Table of Contents
Political Turmoil in Parliament: No-Confidence Motion Against Modi Government Accepted
In a significant development, the Indian Parliament has accepted a no-confidence motion against the Narendra Modi-led government. The motion was moved by the Congress party to exert pressure on the ruling Bharatiya Janata Party (BJP) regarding the Manipur issue. The Speaker of the Lok Sabha, Om Birla, will now decide the date and time for the discussion, as per the established rules.
Opposition’s Unified Effort:
The no-confidence motion received backing from various opposition parties, including Congress, DMK, TMC, BRS, NCP, Shiv Sena (UBT), JD(U), and Left parties. Nama Nageswar Rao of the Bharat Rashtra Samithi (BRS) also moved a similar motion. This united opposition believes that the motion will compel Prime Minister Narendra Modi to address the situation in Manipur during the parliamentary session.
Proceedings in Parliament:3
When the House convened, Congress deputy leader Gaurav Gogoi presented the no-confidence motion for discussion. However, Speaker Om Birla urged him to let the House function as he knew the rules well. In response, the Congress and other opposition leaders protested by gathering in the Well of the House, demanding Prime Minister Modi’s statement on the Manipur issue.
Despite the opposition’s protests and the no-confidence motion, the ruling BJP appeared unfazed. Prime Minister Modi reportedly encouraged his party MPs not to be disheartened by the opposition’s attacks and tactics and to focus on working towards securing the NDA government’s return to power in the upcoming 2024 elections.
The opposition expressed concerns about the government’s ability to push through key Bills without proper discussion, raising suspicions that the disruptions may be advantageous for the ruling party. Nevertheless, the government managed to pass several Bills, including the Multi-State Cooperatives Societies (Amendment) Bill, the Biological Diversity (Amendment) Bill, and the Constitution (Scheduled Tribes) Order (Fifth Amendment) Bill.
No-confidence motions are rare in Indian politics.
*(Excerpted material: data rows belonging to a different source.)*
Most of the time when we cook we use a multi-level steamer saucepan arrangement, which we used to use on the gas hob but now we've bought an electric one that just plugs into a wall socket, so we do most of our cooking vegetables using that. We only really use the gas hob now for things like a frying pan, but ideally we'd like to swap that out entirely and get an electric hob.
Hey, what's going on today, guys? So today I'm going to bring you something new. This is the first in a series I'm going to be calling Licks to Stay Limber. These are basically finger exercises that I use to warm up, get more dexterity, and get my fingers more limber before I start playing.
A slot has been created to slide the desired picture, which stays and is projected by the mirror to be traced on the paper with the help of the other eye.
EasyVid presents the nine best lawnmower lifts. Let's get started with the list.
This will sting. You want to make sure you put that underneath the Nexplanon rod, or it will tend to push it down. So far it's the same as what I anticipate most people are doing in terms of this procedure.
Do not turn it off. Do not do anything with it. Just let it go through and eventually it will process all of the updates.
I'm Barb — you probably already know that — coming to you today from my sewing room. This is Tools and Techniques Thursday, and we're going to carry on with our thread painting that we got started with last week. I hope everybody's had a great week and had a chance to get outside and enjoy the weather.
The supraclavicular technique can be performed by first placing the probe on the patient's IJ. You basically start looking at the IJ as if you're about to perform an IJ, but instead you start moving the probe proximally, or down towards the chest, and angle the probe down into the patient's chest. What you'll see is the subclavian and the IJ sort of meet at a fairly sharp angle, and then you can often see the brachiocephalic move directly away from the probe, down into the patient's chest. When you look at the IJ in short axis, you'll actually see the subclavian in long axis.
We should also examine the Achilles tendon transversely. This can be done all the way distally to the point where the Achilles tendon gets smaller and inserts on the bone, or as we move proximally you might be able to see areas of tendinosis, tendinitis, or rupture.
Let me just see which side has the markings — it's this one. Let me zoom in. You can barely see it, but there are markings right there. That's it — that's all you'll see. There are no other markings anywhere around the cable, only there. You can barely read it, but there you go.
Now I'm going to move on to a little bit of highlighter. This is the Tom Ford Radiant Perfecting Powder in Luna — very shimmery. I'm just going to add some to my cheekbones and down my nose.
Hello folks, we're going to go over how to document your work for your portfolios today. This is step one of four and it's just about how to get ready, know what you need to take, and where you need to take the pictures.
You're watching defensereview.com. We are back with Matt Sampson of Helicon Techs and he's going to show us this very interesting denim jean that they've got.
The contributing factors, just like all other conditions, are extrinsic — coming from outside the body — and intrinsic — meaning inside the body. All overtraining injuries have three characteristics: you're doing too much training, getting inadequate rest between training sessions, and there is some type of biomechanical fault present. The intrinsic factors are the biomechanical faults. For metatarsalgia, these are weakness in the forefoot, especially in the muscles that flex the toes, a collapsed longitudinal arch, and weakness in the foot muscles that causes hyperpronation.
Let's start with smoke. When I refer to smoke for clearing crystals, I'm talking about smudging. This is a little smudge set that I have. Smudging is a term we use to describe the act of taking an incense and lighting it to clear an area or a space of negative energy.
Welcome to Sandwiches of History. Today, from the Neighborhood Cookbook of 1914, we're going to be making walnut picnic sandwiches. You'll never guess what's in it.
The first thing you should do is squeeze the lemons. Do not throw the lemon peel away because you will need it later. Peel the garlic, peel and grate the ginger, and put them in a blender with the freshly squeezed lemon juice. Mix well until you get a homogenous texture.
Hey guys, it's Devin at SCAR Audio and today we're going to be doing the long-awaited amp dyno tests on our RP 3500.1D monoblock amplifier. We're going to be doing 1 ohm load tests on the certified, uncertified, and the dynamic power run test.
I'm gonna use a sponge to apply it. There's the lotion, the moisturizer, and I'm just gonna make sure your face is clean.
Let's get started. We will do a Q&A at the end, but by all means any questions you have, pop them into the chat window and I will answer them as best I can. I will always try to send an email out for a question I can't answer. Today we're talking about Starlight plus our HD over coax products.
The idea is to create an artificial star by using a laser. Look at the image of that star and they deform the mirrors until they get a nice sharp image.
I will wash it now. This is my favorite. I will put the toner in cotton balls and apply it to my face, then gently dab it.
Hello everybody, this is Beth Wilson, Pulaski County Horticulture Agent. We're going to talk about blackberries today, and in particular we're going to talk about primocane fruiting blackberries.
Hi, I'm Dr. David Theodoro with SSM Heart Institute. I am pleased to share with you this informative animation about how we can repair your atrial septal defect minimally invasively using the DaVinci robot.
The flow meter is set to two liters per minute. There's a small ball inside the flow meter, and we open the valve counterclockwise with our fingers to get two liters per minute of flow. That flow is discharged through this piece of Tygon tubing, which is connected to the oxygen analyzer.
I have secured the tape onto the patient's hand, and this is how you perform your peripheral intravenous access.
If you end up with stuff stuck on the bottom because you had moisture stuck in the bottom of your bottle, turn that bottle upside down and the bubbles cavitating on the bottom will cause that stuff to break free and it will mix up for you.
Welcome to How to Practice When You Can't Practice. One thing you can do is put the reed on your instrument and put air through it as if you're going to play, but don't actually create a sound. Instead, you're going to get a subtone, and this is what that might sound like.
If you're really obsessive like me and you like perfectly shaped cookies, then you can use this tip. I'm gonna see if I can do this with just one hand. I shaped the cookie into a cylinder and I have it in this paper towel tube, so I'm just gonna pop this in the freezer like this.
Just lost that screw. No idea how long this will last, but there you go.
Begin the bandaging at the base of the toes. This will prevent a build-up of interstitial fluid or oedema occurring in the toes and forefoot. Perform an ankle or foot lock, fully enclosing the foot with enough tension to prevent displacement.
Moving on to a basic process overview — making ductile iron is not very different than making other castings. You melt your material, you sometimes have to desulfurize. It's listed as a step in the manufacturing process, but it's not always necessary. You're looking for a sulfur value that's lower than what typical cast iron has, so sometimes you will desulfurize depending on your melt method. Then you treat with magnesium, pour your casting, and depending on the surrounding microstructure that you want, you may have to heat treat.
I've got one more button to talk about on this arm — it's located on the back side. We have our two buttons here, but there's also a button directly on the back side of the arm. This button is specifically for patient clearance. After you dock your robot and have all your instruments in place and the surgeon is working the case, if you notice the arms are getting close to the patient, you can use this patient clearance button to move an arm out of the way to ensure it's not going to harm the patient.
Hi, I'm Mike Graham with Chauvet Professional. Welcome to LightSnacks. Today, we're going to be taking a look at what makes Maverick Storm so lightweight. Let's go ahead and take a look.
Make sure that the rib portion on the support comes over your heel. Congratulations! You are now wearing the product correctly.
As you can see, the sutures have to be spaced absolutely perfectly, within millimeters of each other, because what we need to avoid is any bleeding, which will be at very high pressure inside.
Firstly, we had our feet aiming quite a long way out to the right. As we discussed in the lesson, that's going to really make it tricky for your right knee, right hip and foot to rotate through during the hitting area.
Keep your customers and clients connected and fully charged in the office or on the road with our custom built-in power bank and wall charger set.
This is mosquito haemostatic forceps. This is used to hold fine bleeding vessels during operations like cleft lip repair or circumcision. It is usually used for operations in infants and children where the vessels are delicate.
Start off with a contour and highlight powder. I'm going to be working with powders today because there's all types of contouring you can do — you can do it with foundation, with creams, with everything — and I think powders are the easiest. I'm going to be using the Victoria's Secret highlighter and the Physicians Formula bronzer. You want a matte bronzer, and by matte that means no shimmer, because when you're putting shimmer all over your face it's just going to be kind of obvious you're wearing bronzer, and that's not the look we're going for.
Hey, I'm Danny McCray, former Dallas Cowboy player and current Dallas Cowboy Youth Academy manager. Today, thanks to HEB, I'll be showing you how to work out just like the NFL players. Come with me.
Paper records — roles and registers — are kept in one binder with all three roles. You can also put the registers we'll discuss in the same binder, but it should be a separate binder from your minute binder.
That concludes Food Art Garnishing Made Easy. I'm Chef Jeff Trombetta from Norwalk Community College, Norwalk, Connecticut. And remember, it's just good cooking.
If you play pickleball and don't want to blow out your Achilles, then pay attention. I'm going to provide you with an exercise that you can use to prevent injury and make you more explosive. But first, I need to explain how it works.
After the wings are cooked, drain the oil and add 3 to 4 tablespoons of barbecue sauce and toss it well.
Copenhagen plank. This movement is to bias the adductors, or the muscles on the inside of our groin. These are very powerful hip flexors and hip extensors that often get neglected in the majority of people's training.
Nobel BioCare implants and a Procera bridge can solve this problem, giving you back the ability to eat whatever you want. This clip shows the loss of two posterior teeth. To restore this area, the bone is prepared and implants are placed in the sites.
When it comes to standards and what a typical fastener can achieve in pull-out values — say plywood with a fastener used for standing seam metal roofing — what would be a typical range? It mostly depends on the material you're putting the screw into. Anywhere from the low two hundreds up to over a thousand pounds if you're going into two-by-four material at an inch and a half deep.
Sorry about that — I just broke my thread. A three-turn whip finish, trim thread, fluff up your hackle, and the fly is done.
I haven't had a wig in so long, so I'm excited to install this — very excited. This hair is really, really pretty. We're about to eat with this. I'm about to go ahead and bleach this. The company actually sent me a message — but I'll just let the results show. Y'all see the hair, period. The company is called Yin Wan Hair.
Since Independence, only 27 such motions have been moved in the Lok Sabha. The last successful no-confidence motion took place in 1999, leading to the fall of the Atal Bihari Vajpayee government. While attempts were made in 2003 and 2008, they did not lead to the government’s downfall.
The acceptance of the no-confidence motion against the Modi government has set the stage for a crucial parliamentary discussion. As the nation waits for the Speaker to announce the date, all eyes will be on the outcome of the debate and its potential implications on the current political landscape in India.